После освобождения 78-летнтй Шульгин под конвоем был отправлен в город Гороховец Владимирской области и помещён в инвалидный дом. Потом его перевели во Владимир, где он в доме престарелых написал первую свою после освобождения книгу «Опыт Ленина» (изданную с сокращениями в журнале «Наш современник» только в 1997 году), в которой он постарался осмыслить результаты социального, политического и экономического строительства, начавшегося в России после 1917 года. Согласно точке зрения Шульгина этого периода, начало Гражданской войны в России положил «похабный» Брестский мир, который многие граждане России не могли расценить тогда иначе, как предательскую капитуляцию и национальное унижение.
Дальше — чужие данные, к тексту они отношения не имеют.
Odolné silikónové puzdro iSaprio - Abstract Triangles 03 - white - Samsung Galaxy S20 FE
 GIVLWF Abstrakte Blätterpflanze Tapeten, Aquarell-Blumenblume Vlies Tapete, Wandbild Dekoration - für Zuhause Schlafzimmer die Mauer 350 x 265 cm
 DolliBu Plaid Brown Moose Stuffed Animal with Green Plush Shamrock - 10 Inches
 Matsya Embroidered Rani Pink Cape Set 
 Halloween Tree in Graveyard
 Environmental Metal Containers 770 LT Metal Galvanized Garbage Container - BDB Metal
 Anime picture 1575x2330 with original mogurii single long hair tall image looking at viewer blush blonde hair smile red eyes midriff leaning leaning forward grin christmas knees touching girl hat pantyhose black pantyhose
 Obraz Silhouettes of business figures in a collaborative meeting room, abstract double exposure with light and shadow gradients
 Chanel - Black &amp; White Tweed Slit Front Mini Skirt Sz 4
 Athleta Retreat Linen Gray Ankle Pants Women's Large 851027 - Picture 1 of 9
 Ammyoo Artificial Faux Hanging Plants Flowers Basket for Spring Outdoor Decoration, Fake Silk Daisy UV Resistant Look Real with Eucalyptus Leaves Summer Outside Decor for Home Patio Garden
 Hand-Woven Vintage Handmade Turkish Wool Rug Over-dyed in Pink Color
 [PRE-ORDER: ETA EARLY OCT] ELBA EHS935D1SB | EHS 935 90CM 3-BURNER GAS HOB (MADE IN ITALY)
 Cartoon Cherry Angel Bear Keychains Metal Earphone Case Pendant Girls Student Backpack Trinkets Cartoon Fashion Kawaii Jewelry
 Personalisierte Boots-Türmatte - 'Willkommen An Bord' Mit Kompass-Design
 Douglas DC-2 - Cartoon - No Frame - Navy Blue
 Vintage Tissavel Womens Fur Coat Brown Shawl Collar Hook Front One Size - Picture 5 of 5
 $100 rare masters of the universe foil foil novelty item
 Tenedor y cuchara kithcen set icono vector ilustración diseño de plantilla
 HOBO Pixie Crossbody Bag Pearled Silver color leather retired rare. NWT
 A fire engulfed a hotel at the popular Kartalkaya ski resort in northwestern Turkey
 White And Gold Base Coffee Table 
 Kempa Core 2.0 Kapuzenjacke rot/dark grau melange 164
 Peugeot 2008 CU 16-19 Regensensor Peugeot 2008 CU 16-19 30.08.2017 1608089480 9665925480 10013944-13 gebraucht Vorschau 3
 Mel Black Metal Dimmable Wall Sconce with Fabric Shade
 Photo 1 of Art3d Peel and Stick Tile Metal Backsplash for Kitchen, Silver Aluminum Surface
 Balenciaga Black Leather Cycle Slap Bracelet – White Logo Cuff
Как русский националист, Шульгин не мог не радоваться росту влияния Советского Союза в мире. «Красные… на свой манер прославили имя русское, …как никогда раньше». Вместе с тем он не идеализировал советскую жизнь, и некоторые из его мрачных размышлений оказались пророческими. Он был обеспокоен силой уголовной среды, с которой ему пришлось познакомиться в заключении. Он считал, что при определённых обстоятельствах (ослаблении власти) эта «грозная» сила, «враждебная всякому созиданию», сможет выйти на поверхность, и «жизнью овладеют бандиты». Нерешённой он считал и национальную проблему: «Положение Советской власти будет затруднительное, если, в минуту какого-нибудь ослабления центра, всякие народности, вошедшие в союз… СССР, будут подхвачены смерчем запоздалого сепаратизма».

Серьёзной проблемой, по его мнению, был и низкий жизненный уровень в СССР, особенно в сравнении с уровнем жизни в развитых странах Европы, – он подметил, что такие черты, как утомлённость и раздражительность, превратились в национальные черты советского народа. Подводя итог, Шульгин писал: «Моё мнение, сложившееся за сорок лет наблюдения и размышления, сводится к тому, что для судеб всего человечества не только важно, а просто необходимо, чтобы коммунистический опыт, зашедший так далеко, был беспрепятственно доведён до конца».